[Work task]
All of the entries below need repeating exactly, apart from their images.

####################

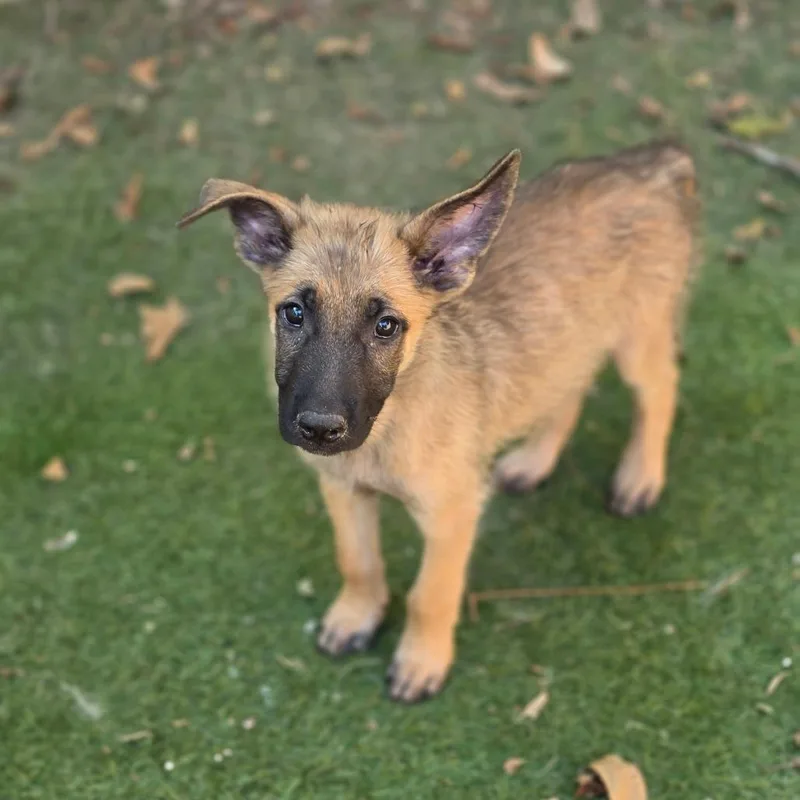 A baby medium-sized male Yellow / Tan / Blond / Fawn Belgian Shepherd / Malinois dog named Jaxson KL for adoption in Austin, TX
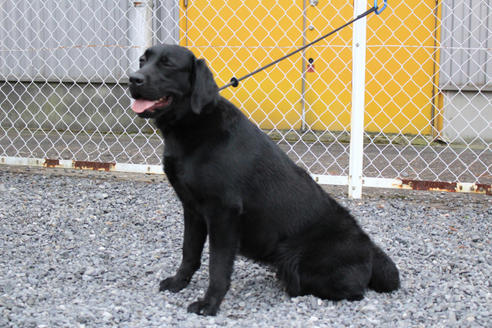 販売中のラブラドールレトリーバーの親犬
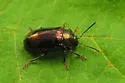 Phratora americana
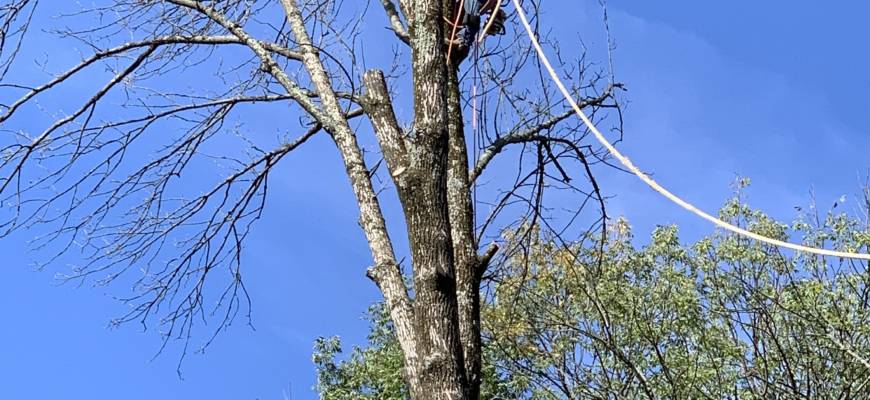 tree removal in carroll county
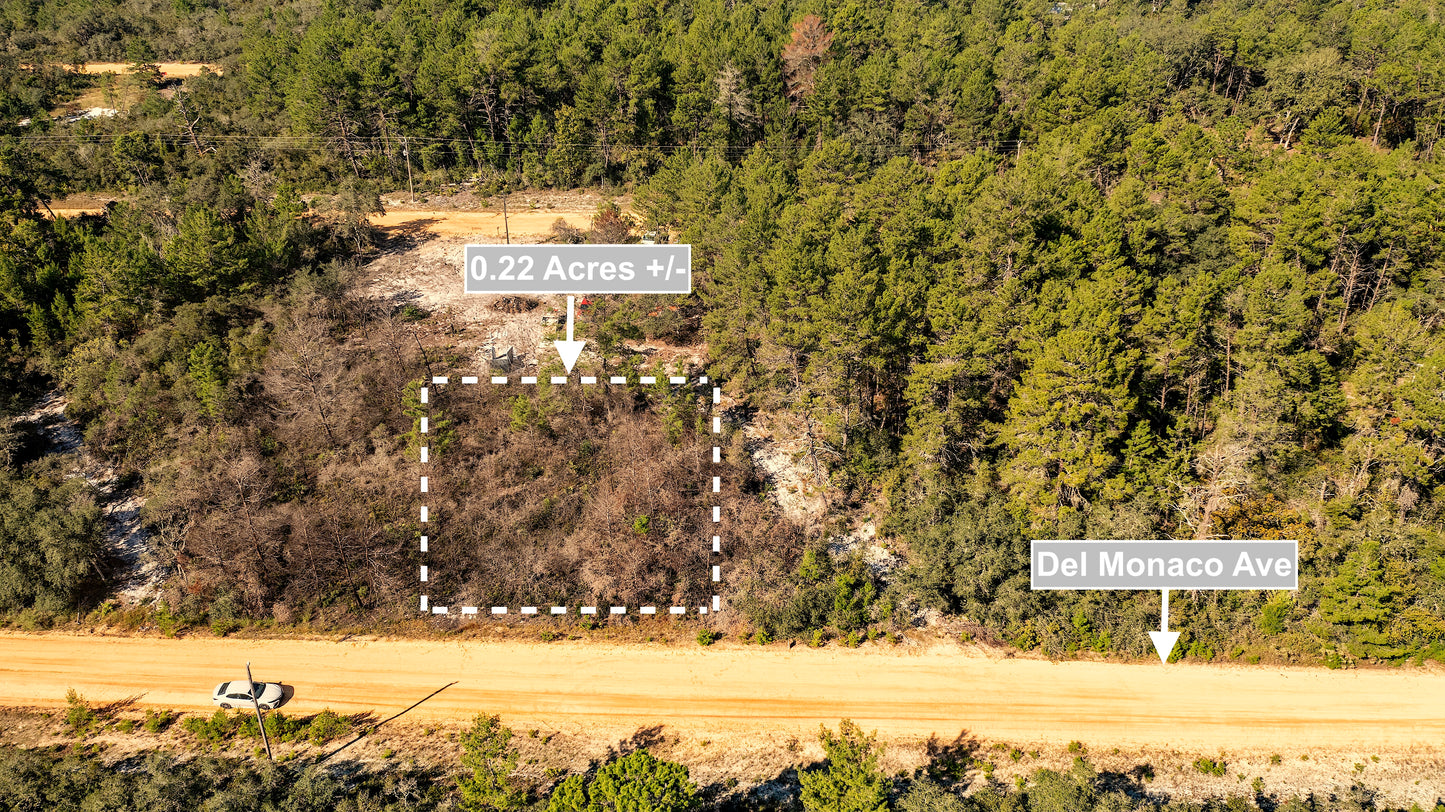 0.22 Acres Land For Sale In Interlachen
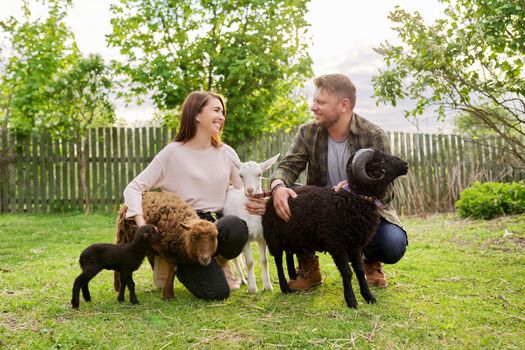 Small farm with ouessant sheep and goat, portrait of family couple of farm owners with animals, eco tourism, countryside, rural scene, domestic animals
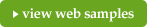 view web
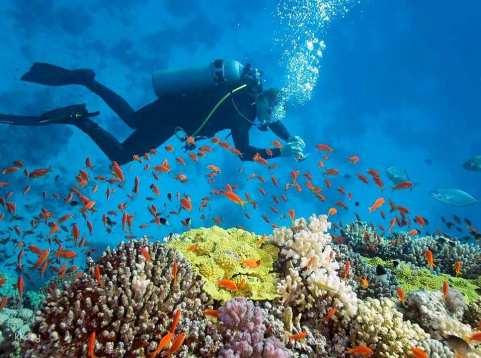 Private Tour: Nha Trang Scuba Diving Experience at Hon Mun Coral Reef | Vietnam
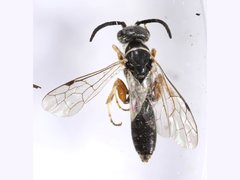 Anthobosca torresensis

####################

[Answer]
 A baby medium-sized male Yellow / Tan / Blond / Fawn Belgian Shepherd / Malinois dog named Jaxson KL for adoption in Austin, TX
 販売中のラブラドールレトリーバーの親犬
 Phratora americana
 tree removal in carroll county
 0.22 Acres Land For Sale In Interlachen
 Small farm with ouessant sheep and goat, portrait of family couple of farm owners with animals, eco tourism, countryside, rural scene, domestic animals
 view web
 Private Tour: Nha Trang Scuba Diving Experience at Hon Mun Coral Reef | Vietnam
 Anthobosca torresensis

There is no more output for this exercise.